Thoughts on Hortonworks DataPlane and Cloudera SDX edit  

So I’ve spent most of this week reviewing and making some minor refreshes to our Hortonworks and Cloudera information, and taking a further look at Hortonworks DataPlane Service and Cloudera SDX.

Firstly, let’s review what I said in The Mid Week News - 27/09/2017:

The big news this week is the simultaneous big product announcements from Hortonworks and Cloudera that look like they might be similar capabilities, but I think are probably trying to solve subtly different problems - we’ll revisit these in a few weeks once there’s more information available and do some technology summaries.

Cloudera SDX (Shared Data Experience, coming in CDH 5.13) appears to be trying to enable the “one” data platform experience that you get with an on premesis CDH cluster in the cloud, specifically a persistent shared storage layer with shared metadata, security and governance and a range of workloads on top. That looks different in the cloud - you probably don’t want a persistent Cloudera cluster that you’re paying for by the hour even if you’re not using it - so SDX gives you a shared storage layer using cloud object storage, a shared metadata and management layer, and then the ability to run compute workloads in isolated transient workload clusters managed through Cloudera Altus. The original sales pitch of a single shared Hadoop data platform re-imagined for the cloud. More details via a Cloudera VISION blog post and a Cloudera Engineering blog post

Hortonworks Data Plane is again all about shared metadata, security and data management, but this time across a range of different data platforms - Hadoop, relational databases and your EDW, either on-premesis or in the cloud, and for data in motion or at rest. It’s open source, extensible for adding new services, with data lifecycle management being first up, allowing you to replicate, backup & restore and tier your data across your data platforms. It’s another cloud service (because obviously), and they talk about it as a Global Data Management Platform. More details via a Hortonworks blog post

With Cloudera SDX, CDH 5.13 has come and gone, and there’s almost no new information about SDX. The 5.13 announcement name checks SDX as the “SDX Cloud Reference Architecture”, which I think probably sums up what it is as much as anything, especially given there’s absolutely no reference to SDX in the Cloudera documentation, and there’s nothing on their site beyond the product page and two blog posts linked above. It feels like this is Cloudera pushing the traditional Hadoop one platform, lots of different workloads message, but now applying it to the cloud as well.

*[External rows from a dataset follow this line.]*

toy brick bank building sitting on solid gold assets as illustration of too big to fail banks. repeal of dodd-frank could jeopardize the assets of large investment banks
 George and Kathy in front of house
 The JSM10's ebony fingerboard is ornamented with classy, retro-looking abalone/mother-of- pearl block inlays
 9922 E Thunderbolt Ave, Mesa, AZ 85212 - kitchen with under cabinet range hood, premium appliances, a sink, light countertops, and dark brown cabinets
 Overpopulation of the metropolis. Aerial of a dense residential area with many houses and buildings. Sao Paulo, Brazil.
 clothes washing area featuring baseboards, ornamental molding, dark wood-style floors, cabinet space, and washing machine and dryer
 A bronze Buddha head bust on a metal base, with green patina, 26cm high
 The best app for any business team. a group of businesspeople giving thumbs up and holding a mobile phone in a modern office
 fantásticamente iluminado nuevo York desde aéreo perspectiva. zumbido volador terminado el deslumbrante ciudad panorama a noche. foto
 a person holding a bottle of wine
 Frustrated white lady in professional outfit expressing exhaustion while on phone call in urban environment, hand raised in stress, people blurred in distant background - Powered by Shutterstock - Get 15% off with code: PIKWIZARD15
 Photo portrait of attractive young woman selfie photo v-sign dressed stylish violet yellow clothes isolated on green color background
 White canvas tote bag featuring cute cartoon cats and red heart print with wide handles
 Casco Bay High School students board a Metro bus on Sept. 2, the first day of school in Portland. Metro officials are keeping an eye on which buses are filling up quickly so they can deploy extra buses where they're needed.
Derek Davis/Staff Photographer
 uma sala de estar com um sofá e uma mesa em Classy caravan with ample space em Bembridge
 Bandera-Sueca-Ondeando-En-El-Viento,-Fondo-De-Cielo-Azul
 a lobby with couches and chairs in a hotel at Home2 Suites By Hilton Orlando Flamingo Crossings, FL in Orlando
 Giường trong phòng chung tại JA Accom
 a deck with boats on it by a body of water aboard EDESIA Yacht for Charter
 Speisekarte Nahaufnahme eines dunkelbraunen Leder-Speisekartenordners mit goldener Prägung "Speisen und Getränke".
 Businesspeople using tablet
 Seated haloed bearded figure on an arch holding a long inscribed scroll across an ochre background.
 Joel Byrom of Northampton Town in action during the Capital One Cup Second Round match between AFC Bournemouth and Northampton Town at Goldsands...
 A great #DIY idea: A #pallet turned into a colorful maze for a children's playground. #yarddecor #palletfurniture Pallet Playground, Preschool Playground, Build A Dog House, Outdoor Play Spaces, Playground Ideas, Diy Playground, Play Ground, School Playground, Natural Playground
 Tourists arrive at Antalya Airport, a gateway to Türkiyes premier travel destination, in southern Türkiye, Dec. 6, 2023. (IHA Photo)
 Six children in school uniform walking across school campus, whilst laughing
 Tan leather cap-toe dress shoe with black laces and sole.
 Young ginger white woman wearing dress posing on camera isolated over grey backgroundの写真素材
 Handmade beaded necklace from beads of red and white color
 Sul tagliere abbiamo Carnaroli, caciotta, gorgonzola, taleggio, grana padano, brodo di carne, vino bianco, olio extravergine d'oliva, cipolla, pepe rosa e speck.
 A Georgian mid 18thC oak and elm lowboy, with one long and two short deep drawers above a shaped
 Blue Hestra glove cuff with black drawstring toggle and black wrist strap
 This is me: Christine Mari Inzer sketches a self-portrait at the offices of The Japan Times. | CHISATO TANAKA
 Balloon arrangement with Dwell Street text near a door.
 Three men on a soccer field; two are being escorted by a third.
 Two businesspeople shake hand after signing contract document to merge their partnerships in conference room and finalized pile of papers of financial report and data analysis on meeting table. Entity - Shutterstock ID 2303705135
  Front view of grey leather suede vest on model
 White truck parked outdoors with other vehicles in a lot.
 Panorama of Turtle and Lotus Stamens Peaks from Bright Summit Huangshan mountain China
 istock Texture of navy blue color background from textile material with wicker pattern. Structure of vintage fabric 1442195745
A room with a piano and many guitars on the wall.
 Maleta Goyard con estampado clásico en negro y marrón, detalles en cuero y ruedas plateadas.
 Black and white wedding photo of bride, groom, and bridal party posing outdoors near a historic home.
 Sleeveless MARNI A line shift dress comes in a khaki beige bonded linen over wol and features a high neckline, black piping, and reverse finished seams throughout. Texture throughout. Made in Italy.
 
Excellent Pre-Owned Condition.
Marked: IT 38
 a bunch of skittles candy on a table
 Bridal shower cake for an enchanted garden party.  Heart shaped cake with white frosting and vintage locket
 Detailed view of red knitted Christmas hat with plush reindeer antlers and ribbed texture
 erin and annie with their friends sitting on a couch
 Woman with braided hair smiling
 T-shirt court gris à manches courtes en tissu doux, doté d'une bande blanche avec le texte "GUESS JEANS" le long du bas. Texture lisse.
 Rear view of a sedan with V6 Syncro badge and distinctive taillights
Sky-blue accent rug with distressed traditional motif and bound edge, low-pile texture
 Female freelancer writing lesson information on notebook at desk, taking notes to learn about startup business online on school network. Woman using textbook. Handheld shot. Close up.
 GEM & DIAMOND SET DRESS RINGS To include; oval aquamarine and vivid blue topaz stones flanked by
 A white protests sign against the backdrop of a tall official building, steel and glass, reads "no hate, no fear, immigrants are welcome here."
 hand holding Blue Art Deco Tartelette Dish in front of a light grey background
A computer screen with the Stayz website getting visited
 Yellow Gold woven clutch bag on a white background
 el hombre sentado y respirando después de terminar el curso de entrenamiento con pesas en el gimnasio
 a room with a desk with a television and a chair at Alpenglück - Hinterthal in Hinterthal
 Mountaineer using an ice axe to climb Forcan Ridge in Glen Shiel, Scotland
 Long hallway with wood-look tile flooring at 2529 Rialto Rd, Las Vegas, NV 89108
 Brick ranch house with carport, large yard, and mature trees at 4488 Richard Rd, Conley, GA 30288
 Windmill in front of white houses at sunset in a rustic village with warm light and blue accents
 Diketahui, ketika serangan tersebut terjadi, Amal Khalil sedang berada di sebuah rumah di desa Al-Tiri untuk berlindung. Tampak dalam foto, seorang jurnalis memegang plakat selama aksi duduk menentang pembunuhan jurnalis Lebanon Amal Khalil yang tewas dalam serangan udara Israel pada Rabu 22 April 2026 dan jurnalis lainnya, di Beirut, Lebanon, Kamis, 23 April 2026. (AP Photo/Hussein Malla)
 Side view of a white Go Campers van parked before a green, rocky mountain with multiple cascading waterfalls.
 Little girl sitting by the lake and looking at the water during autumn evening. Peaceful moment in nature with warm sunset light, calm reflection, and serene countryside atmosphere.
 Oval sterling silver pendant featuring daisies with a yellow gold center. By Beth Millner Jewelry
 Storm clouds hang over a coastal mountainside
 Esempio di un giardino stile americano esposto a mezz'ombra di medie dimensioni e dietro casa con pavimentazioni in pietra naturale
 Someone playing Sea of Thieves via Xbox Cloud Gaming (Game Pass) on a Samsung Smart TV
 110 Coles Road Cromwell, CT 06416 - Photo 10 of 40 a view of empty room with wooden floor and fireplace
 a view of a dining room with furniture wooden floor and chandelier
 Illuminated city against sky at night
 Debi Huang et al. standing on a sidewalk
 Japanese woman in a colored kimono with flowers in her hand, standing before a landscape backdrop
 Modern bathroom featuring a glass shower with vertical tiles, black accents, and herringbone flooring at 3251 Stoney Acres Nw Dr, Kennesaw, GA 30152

Hortonworks on the other hand seem to be heading in a slightly different direction with the new Hortonworks DataPlane Service. The premise for this is that it becomes a single place to understand, manage and govern all the data your enterprise holds, wherever it may be - it’s a big ask, but it feels like there’s value there. Saying that it’s early days for this product is an understatement - it’s now had it’s first generally available release (see this post) and there’s a big pile of documentation on the Hortonworks site, but the functionality at the moment is pretty limited, and there’s no visibility yet of plugin services coming from any of the Hortonworks partners. And this is an interesting change for Hortonworks, in that this is a commercial managed service offering and not open source software (although there’s no public sign up process yet and the documentation talks about how to install it), and it only works with Ambari managed clusters and you have to have a SmartSense ID. Which makes you wonder whether this a response to challenges in generating revenue from support and consultancy from fully open source software. It will also be interesting to see how this will impact Atlas and Ranger - you could easily see a world where a lot of the end user functionality in these products migrates into the DataPlane service. One to watch I think - it’ll be interesting to see where this goes.